TRY IT:
Return the lines below that carry the word "Photo".

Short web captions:
:::::

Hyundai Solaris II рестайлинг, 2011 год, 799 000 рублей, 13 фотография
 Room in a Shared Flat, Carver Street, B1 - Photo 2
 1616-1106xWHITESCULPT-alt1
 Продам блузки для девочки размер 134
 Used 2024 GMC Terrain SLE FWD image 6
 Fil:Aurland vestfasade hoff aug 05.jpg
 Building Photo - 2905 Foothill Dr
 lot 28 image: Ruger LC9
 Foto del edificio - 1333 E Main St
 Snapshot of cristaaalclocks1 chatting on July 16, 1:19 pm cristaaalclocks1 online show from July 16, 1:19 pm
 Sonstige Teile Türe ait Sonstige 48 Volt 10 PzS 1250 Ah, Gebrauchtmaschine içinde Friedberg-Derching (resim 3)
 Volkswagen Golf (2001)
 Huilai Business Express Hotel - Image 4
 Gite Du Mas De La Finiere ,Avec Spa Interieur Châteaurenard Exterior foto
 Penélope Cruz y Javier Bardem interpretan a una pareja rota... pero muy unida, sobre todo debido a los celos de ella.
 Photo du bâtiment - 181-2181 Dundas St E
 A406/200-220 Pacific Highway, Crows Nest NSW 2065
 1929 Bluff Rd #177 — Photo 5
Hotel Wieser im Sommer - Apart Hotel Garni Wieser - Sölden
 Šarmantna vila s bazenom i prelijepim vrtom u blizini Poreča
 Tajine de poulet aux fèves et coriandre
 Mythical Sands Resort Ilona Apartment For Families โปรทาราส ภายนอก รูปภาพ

:::::

ANSWER AREA:
 Room in a Shared Flat, Carver Street, B1 - Photo 2
 Building Photo - 2905 Foothill Dr
 Photo du bâtiment - 181-2181 Dundas St E
 1929 Bluff Rd #177 — Photo 5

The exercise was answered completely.